A reconfiguration raises at least five questions, all of them are correlated: (1) why software has to be reconfigured? (monitoring, modeling and analysis) (2) what should be reconfigured? (software modeling and analysis), (3) how should it be reconfigured? (software modeling and planning decisions), (4) where should it be reconfigured? (infrastructure modeling and planning decisions), and (5) when to reconfigure it? (scheduling algorithms). STACK will contribute to all aspects of a reconfiguration process as described above. However, according to the expertise of STACK members, we will focus mainly on the three first questions: why, what and how, leaving questions where and when to collaborations with operational research and optimization teams.
First of all, we would like to investigate why software has to be reconfigured? Many reasons could be mentioned, such as hardware or software fault tolerance, mobile users, dynamicity of software services, etc. All those reasons are related somehow to the Quality of Service (QoS) or the Service Level Agreement (SLA) between the user and the Cloud provider. We first would like to explore the specificities of QoS and SLAs in the case of massively geo-distributed ICT environments [89]. By being able to formalize this question, analyzing the requirement of a reconfiguration will be facilitated.

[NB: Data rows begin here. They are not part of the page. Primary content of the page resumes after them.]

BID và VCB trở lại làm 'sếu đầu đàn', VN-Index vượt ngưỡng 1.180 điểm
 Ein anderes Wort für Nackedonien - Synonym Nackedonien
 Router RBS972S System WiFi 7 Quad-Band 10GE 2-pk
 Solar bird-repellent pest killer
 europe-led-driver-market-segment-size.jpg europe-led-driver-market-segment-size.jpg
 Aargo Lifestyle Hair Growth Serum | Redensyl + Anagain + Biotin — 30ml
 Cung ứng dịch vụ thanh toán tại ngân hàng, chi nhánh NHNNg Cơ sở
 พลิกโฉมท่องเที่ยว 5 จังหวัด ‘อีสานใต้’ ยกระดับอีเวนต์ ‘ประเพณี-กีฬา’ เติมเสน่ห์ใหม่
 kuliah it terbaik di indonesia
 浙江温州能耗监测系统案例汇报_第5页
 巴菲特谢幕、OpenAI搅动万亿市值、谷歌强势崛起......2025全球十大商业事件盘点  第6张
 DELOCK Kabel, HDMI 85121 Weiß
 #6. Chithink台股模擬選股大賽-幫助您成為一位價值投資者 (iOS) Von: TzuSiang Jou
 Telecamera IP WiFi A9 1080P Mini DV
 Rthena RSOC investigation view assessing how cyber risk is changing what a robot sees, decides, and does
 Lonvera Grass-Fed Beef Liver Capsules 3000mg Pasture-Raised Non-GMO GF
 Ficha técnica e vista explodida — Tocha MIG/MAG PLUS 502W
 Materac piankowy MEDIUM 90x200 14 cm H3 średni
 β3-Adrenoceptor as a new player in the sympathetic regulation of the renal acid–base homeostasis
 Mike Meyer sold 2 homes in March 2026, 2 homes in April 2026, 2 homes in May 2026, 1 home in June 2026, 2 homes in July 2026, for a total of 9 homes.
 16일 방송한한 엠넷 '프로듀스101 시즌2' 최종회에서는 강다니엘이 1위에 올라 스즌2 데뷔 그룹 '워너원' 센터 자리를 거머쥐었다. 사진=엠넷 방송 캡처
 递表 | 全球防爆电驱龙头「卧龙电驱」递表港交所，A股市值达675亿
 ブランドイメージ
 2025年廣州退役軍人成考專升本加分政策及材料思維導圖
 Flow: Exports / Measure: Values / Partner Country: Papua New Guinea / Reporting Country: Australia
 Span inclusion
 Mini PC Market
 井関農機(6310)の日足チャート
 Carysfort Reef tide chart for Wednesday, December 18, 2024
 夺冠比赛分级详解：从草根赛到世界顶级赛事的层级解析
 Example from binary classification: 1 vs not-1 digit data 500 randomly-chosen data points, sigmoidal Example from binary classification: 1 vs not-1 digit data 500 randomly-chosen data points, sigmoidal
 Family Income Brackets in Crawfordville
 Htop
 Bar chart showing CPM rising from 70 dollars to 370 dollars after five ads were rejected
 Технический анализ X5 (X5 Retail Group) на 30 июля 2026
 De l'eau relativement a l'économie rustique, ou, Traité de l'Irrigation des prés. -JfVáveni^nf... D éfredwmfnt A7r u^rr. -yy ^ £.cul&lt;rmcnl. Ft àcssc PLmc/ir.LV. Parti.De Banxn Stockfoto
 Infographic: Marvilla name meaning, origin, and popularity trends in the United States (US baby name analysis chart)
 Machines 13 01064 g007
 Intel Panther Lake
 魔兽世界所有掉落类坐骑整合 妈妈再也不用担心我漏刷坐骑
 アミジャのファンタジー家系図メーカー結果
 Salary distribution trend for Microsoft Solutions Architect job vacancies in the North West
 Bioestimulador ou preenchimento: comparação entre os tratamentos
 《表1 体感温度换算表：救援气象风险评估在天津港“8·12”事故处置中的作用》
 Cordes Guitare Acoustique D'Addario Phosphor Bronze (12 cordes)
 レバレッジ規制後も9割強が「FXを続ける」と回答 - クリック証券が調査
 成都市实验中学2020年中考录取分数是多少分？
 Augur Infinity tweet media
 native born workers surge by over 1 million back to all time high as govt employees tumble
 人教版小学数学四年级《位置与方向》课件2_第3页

Second, we think that four important properties should be enhanced when deploying and reconfiguring models in massively geo-distributed ICT environments. First, as low-latency applications and systems will be subject to deployment and reconfiguration, the performance and the ability to scale are important. Second, as many different kinds of deployments and reconfigurations will concurrently hold within the infrastructure, processes have to be reliable, which is facilitated by a fine-grained control of the process. Finally, as many different software elements will be subject to deployment and reconfiguration, common generic models and engines for deployment and reconfiguration should be designed [44]. For these reasons, we intend to go beyond Aeolus by: first, leveraging the expression of parallelism within the deployment process, which should lead to better performance; second, improving the separation of concerns between the component developer and the reconfiguration developer; third, enhancing the possibility to perform concurrent and decentralized reconfigurations.
Research challenges relative to programming support have been presented above. Many of these challenges are related, in different manners, to the resource management level of STACK or to crosscutting challenges, i.e., energy and security. First, one can notice that any programming model or deployment and reconfiguration implementation should be based on mechanisms related to resource management challenges. For this reason, all challenges addressed within this section are linked with lower level building blocks presented in Section 3.2. Second, as detailed above, deployment and reconfiguration address at least five questions. The question what? is naturally related to programming support. However, questions why, how?, where? and when? are also related to Section 3.2, for example, to monitoring and capacity planning. Moreover, regarding the deployment and reconfiguration challenges, one can note that the same goals recursively happen when deploying the control building blocks themselves (bootstrap issue). This comforts the need to design generic deployment and reconfiguration models and frameworks. These low-level models should then be used as back-ends to higher-level solutions. Finally, as energy and security are crosscutting themes within the STACK project, many additional energy and security considerations could be added to the above challenges. For example, our deployment and reconfiguration frameworks and solutions could be used to guarantee the deployment of end-to-end security policies or to answer specific energy constraints [70] as detailed in the next section.